→ **Task description**: Only the lines from the beginning of the data below through the line containing "Job vacancy trend" belong in the response, each copied exactly.

→ **Data excerpts**:
============
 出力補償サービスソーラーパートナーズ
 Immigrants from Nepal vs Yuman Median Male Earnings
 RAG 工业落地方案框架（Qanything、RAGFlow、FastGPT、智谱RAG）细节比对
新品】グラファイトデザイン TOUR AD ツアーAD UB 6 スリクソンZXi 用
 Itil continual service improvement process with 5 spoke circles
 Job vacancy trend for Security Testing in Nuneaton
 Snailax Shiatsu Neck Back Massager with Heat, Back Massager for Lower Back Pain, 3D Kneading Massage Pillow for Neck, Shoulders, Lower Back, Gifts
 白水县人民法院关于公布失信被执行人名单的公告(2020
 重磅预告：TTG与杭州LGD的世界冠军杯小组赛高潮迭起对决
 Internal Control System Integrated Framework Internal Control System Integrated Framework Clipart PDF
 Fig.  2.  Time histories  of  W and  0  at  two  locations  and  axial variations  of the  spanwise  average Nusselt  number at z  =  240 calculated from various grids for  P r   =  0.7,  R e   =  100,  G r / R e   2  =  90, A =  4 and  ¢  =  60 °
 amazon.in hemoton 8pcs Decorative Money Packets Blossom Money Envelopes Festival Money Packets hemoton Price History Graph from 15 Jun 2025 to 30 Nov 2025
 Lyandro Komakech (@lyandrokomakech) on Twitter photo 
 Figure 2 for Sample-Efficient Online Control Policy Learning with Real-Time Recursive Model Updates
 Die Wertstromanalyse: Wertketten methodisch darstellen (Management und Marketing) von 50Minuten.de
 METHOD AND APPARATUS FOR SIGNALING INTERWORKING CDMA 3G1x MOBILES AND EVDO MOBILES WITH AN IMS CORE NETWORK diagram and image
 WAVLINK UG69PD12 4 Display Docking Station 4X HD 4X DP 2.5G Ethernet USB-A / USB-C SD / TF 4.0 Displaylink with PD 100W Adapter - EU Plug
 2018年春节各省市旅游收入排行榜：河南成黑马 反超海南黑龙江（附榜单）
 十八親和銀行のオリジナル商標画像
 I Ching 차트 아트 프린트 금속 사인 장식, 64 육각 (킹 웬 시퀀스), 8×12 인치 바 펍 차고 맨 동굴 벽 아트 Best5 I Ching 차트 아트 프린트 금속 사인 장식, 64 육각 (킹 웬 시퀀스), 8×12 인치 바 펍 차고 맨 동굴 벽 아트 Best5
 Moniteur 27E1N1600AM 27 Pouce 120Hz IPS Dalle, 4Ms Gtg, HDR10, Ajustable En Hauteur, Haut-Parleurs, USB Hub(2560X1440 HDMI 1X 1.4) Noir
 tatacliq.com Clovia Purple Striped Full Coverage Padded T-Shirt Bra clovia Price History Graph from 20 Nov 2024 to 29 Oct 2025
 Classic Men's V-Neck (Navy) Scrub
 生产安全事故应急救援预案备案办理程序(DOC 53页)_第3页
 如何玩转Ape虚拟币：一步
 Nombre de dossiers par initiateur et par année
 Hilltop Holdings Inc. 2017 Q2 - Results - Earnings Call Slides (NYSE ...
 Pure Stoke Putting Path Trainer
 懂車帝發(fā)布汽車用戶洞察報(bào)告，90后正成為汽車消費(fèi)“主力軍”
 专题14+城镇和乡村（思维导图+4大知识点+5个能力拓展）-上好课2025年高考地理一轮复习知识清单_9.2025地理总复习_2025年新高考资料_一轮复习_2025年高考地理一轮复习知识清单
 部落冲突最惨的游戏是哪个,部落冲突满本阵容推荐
============
→ **Exercise response**:
 出力補償サービスソーラーパートナーズ
 Immigrants from Nepal vs Yuman Median Male Earnings
 RAG 工业落地方案框架（Qanything、RAGFlow、FastGPT、智谱RAG）细节比对
新品】グラファイトデザイン TOUR AD ツアーAD UB 6 スリクソンZXi 用
 Itil continual service improvement process with 5 spoke circles
 Job vacancy trend for Security Testing in Nuneaton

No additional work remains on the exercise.